Plus que jamais, il faut voir à la pleine réalisation des principes de la souveraineté alimentaire. Dans la tempête, ce sont les systèmes agricoles locaux basés sur l’agroécologie paysanne qui ont fait preuve de résilience tout en offrant une bouée de sauvetage à beaucoup de citoyens. L’urgence de bâtir des systèmes alimentaires locaux diversifiés et agroécologiques n’a jamais été aussi criante. Pour y arriver, il sera crucial d’adopter une vraie réforme agraire et de soutenir la conservation des semences locales. À cet égard, l’UNDROP joue un rôle vital. Elle balise le chemin vers la souveraineté et constitue le cadre permettant de concevoir des politiques publiques diverses, résilientes et enracinées dans la sagesse, la culture et les coûtumes des communautés locales, en tenant compte de leur vision de la souveraineté alimentaire.
La souveraineté alimentaire et l’agroécologie paysanne sont autant de solutions aux crises concomitantes auxquelles les êtres humains sont confrontés. L’UNDROP offre une feuille de route axée sur les droits dont nous pouvons profiter afin d’effectuer le virage des systèmes alimentaires commerciaux basés sur la destruction environnementale, la pollution et la surconsommation vers la construction et le renforcement de la souveraineté alimentaire.

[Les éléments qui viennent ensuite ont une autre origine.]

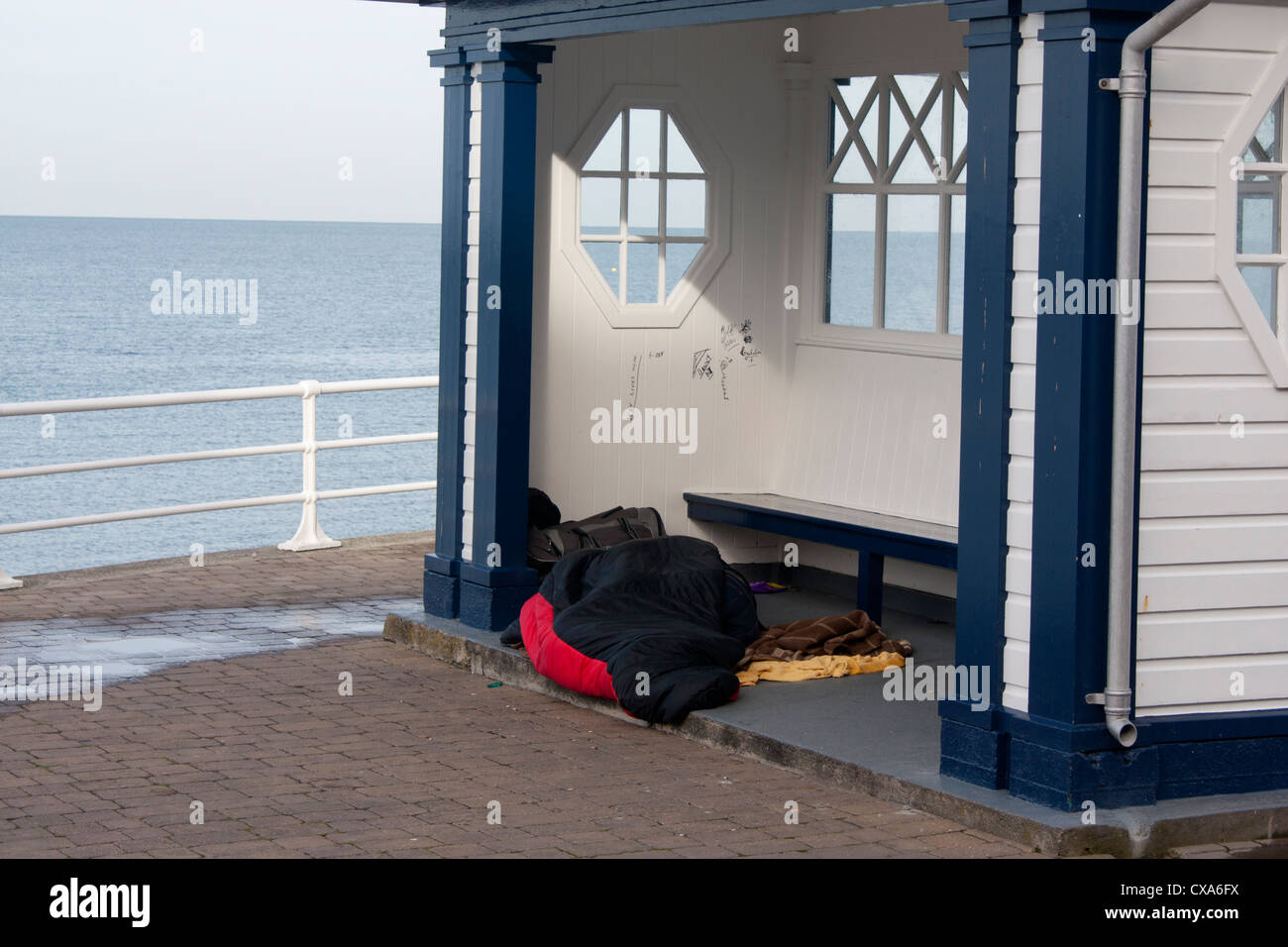 Homeless woman (hidden lying under sleeping bag) sleeping in shelter on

Nous, les membres de La Via Campesina, croyons qu’aucune transformation systémique n’est possible sans la reconnaissance et la protection, au niveau local, des droits de celles et ceux qui se trouvent au coeur des systèmes alimentaires : les paysannes et paysans, les pêcheurs, les peuples autochtones, les pastoralistes, les peuples forestiers, les travailleurs agricoles et les consommateurs urbaines et rurales.

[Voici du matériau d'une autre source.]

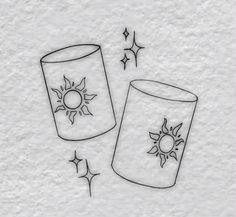 a drawing of two cups with the sun and stars on them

Les gouvernements doivent donc assurer la mise en oeuvre de la Déclaration des Nations unies sur les droits des paysans et des autres personnes travaillant dans les zones rurales (UNDROP) à tous les niveaux, en tant qu’instrument essentiel à la defense et la promotion des droits de la personne et des travailleurs.

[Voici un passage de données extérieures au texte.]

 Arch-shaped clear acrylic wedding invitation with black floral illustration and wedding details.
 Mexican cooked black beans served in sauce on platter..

La Via Campesina encourage ses membres et ses alliés à persévérer dans la lutte pour l’adoption et la réalisation de l’UNDROP dans leurs régions. Sans pression venant de la base, sans faire entendre nos voix, nous ne pourrons pas effectuer les changements nécessaires afin de faire respecter les droits — le droit de participer à la prise de décisions, l’accès aux services de santé, l’accès aux marchés, un revenu digne, etc. — les plus affectés pendant la pandémie.
Rares sont les gouvernements qui assure la pleine réalisation de ces droits de leur propre gré. Nous devons alors poursuivre la lutte paysanne afin d’informer et mobiliser nos organisations autour de l’UNDROP. Nos efforts combinés et notre solidarité paysanne représentent la plate-forme sur laquelle nous survivrons ensemble à la pandémie. Les droits enchâssés dans la Déclaration des Nations unies sur les droits des paysans et des autres personnes travaillant dans les zones rurales nous servirons de guide.